Segment Start: DATA EXTRACT

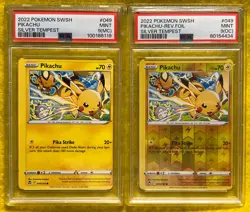 PSA 9(MC) & 9(OC) 2022 Pokemon SWSH Pikachu Silver Tempest #049 Set Reverse Foil - Image 1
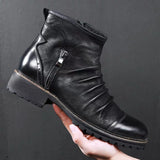 Yomior Vintage British Men's Leather Shoes Casual Round Toe Zip Ankle Boots Autumn Dress Chelsea Mart Lion Black 7 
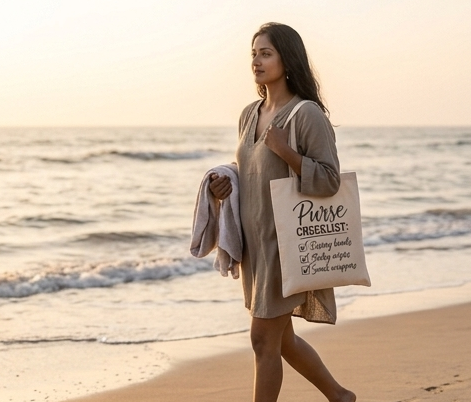 Tote Bag — "Purse Checklist: Rosary beads, Baby wipes, Snack wrappers" Cotton Canvas Tote - Image 5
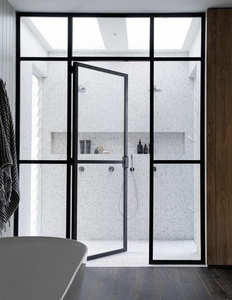 Porte in Ferro Battuto con Design Semplice, Finestre in Metallo con Vetro <span class=keywords><strong>Grigio</strong></span> Temperato, Porte a <span class=keywords><strong>Battente</strong></span> con Motivi a Griglia - Product Image 2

Segment End: DATA EXTRACT

WHAT IS BEING ASKED:
Every line of the data above should be quoted exactly. Omit the pictures.

ANSWER BELOW:
 PSA 9(MC) & 9(OC) 2022 Pokemon SWSH Pikachu Silver Tempest #049 Set Reverse Foil - Image 1
 Yomior Vintage British Men's Leather Shoes Casual Round Toe Zip Ankle Boots Autumn Dress Chelsea Mart Lion Black 7 
 Tote Bag — "Purse Checklist: Rosary beads, Baby wipes, Snack wrappers" Cotton Canvas Tote - Image 5
 Porte in Ferro Battuto con Design Semplice, Finestre in Metallo con Vetro <span class=keywords><strong>Grigio</strong></span> Temperato, Porte a <span class=keywords><strong>Battente</strong></span> con Motivi a Griglia - Product Image 2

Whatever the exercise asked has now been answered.